Thunder Bay

Thunder Pride hits fundraising goal for rainbow crosswalk

Thunder Pride has raised $10,000 to contribute to the cost of adding rainbow paint to a crosswalk in Thunder Bay's Bay and Algoma neighbourhood.
Thunder Pride Association chair Jason Veltri says the organization has raised $10,000 to support the installation of a rainbow crosswalk. (Matt Vis/CBC)

The dream of bringing a rainbow crosswalk to Thunder Bay, Ont., is much closer to reality.

The Thunder Pride Association on Thursday announced it had raised $10,000 in just 60 days for the project, which would install coloured thermoplastic paint on a crosswalk at the intersection of Algoma and Bay streets to show support for the LGBTQ community.

Thunder Pride chair Jason Veltri said the crosswalk represents more than just paint on a road.

"This is about creating a meaningful and lasting project that shows people that are still potentially struggling with their identity – sexual or gender – that they are seen and heard and that when they're ready, they're accepted in our community," Veltri said.

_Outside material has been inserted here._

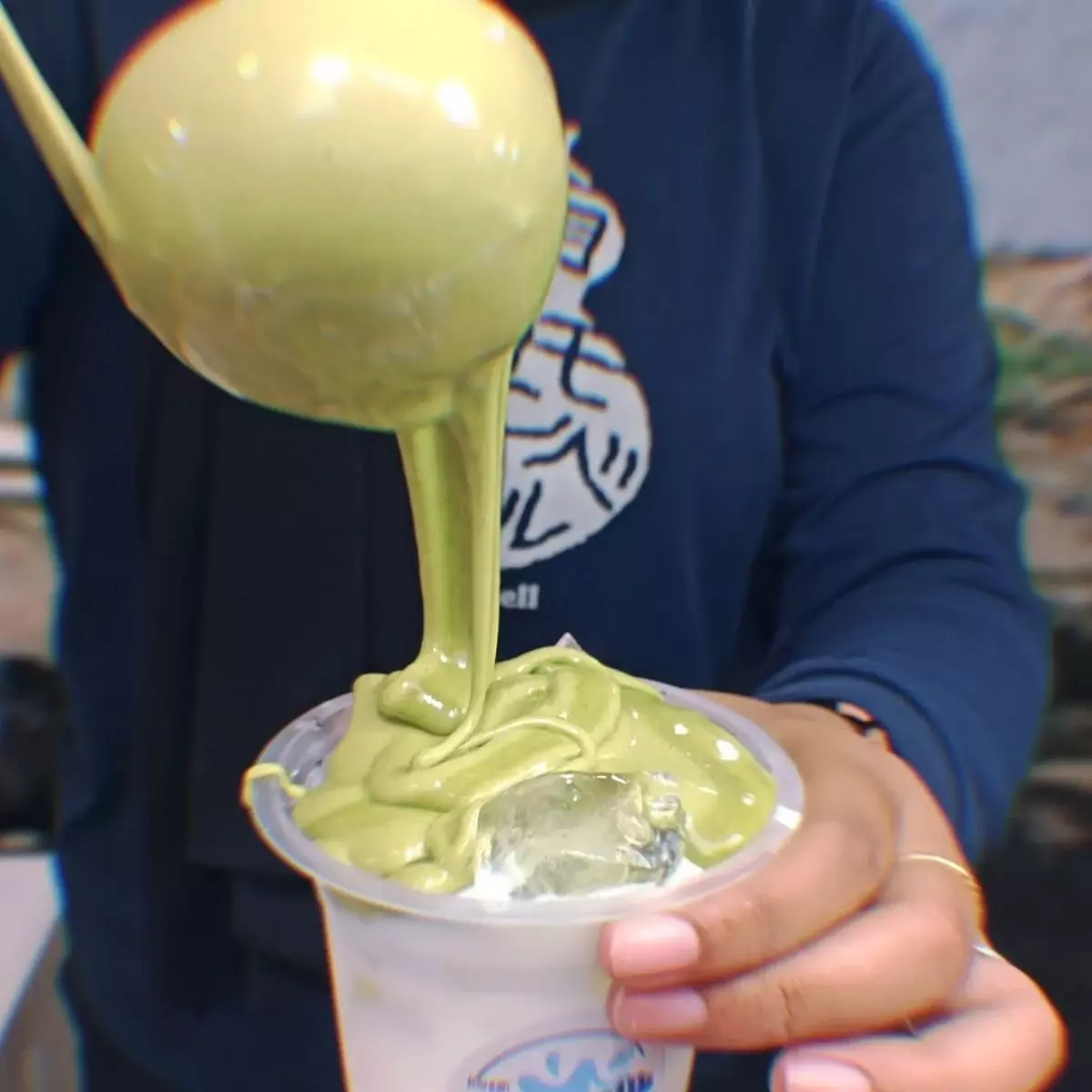 Apa Itu ES Sticky Milk?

The fundraising campaign had 105 separate donors and included support from local businesses. As well, project contractor Northwest Lines has committed to covering another third of the estimated $28,000 project cost.

"The support from the business community, including Northwest Lines coming on board with a cost share proposal, was one of the most special things about this project now," Veltri said. 

"It really does show we're doing the right thing in creating these types of projects within our community and that these types of projects can be supported by business, municipal government and community service organizations."

Coun. Shelby Ch'ng, who last November brought forward a motion that was unanimously supported by city council to include the project for consideration in the 2020 municipal budget, said she thinks a crosswalk will help show people growing up in Thunder Bay that it's OK to be different.

"I think we're finally able to demonstrate that we're an inclusive and welcoming space, and we want to move towards that," Ch'ng said. "It's really easy to say we're trying to move towards it, but this is a physical representation of what we're trying to do in the city."

Veltri acknowledged there has been some negative commentary on social media about the project, including threats of vandalism but said there was strong community support in favour of the crosswalks.

"It does show that we need a project like this," Veltri said.

"We need the crosswalk for a multitude of reasons, one of them being people don't see themselves in our community yet. They want to feel included and inclusive of our community, and this is one meaningful step in the direction of creating that inclusion within our community."

The city's share of funding is still subject to budget approval. There are also plans to add a rainbow crosswalk at the intersection of May and Donald streets outside city hall.